UPDATED, Sept. 11, 6 p.m.: The founding principals of one of Miami’s most prominent luxury brokerages are warring with each other in court, The Real Deal has learned, putting a 23-year-old partnership and the future of the firm in jeopardy.
Craig Studnicky and Philip Spiegelman, who together run International Sales Group, are accusing each other of gross mismanagement, out-of-control spending and substance abuse, among other misdeeds, court documents show. Spiegelman is pushing a judge to dissolve ISG, which claims to have done over $10 billion in sales since its founding, and is currently the exclusive brokerage for notable developments such as Brickell City Centre, Echo Brickell, Muse in Sunny Isles Beach, Alton Bay in Miami Beach and W Residences Fort Lauderdale. The company also authors the ISG World Miami Report, seen by many as a barometer for the area’s condo market.

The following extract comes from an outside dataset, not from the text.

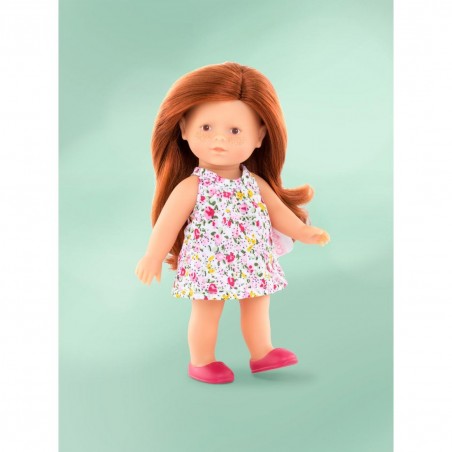 Mini poupée Rousse - Corolline Ruby - Corolle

Reached by cellphone, Studnicky would only say that “Philip and I are hopeful we can resolve our differences amicably in a short period of time.” Spiegelman did not respond to requests for comment, nor did attorneys for both executives.
In 2016, Studnicky and Spiegelman announced they were branching into development by kicking off the first phase of an $82 million mixed-use project on a riverfront site they co-own in New Orleans.
However, their business relationship began to deteriorate around the same time, according to a lawsuit the Spiegelman-owned Monogram Marketing filed on May 23 against ISG and Craig Nicole Inc., a company controlled by Studnicky.
The complaint states Monogram and Craig Nicole own ISG and that the company, which was incorporated in 1995, has no operating agreement. In mid-2016, Spiegelman claims he and Studnicky “began having a difference of opinion on how to manage the affairs of ISG.” Later that year, Spiegelman wanted to shut down ISG but Studnicky wanted to keep the brokerage open, according to the suit.
The pair, according to the complaint, discussed a scenario in which Studnicky would manage the day-to-day affairs and Spiegelman would take a reduced share of the profits. While the complaint says this agreement was never formalized, it claims that Studnicky took over full management of ISG and four related entities since then.
Spiegelman accuses Studnicky of burning “through large amounts of cash” that ISG made in sales commissions and failing to deliver any profits. The complaint states that ISG has overhead and recurring expenses of more than $2.4 million, though “it should be one-fifth that.” Spiegelman further alleges that Studnicky retained unnecessary staff and “fronted clients who are continually late in reimbursing ISG.”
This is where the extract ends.